Une pétition propose le peuple algérien pour l’obtention du Nobel de la paix. Nacima Ourahmoune*, de la Kedge Business School, livre ses arguments en faveur du Hirak.
Les autorités algériennes sont contestées sans discontinuité par la rue, de manière pacifique, depuis plus d’un an. Au cours des manifestations, de nombreuses pancartes, dont une est accrochée en permanence sur l’un des principaux boulevards d’Alger, ont proposé que le peuple algérien obtienne le prix Nobel de la paix. Une pétition en ligne en ce sens a recueilli des milliers de signatures. Pourquoi cette initiative ? Est-elle légitime ?
La contestation au temps du coronavirus
Au 57e vendredi, le coronavirus s’est invité dans le quotidien des Algériens : le stade 3 de confinement vient d’être décidé et les marches sont désormais interdites, ce qui menace la pérennité du mouvement de protestation. Depuis février 2019, on compte 56 semaines de protestations massives – une résilience peu banale à l’échelle mondiale des mouvements sociaux, surtout au vu de l’absence de pression des capitales démocratiques sur le régime et de la faible médiatisation de l’exploit du peuple algérien.
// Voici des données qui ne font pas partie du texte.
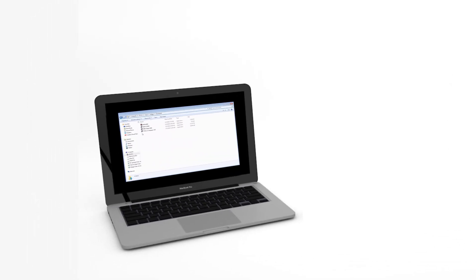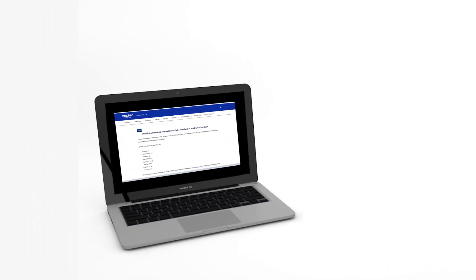Not all devices are compatible with Brother iPrint and Scan desktop. Follow the link on the screen to find compatibility information for your model.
Ajoutons, désormais, une gestion de crise du coronavirus délétère. L’exécutif a laissé faire les manifestations avant de les interdire, tergiversé sur les lieux de culte avant d’ordonner leur fermeture, décidé le stade 2 puis 3 en très peu de jours – des atermoiements qui trahissent son impréparation.
Pendant ce temps, ce sont les citoyens qui ont orienté la politique de crise en réclamant massivement la fermeture des frontières, des lieux de culte et des marchés, et en alertant sur l’incurie du système sanitaire. Avant même l’interdiction officielle des rassemblements, les protestataires, à contrecœur et avec sagesse, ont appelé leurs compatriotes à se confiner : accepter de ne plus marcher illustre la maturité du mouvement, alors même que le passage au stade 3 fait craindre la dictature d’un pouvoir jugé illégitime. Le mouvement de protestation citoyen sans tête dénommé Hirak (mouvement) continue néanmoins, autrement.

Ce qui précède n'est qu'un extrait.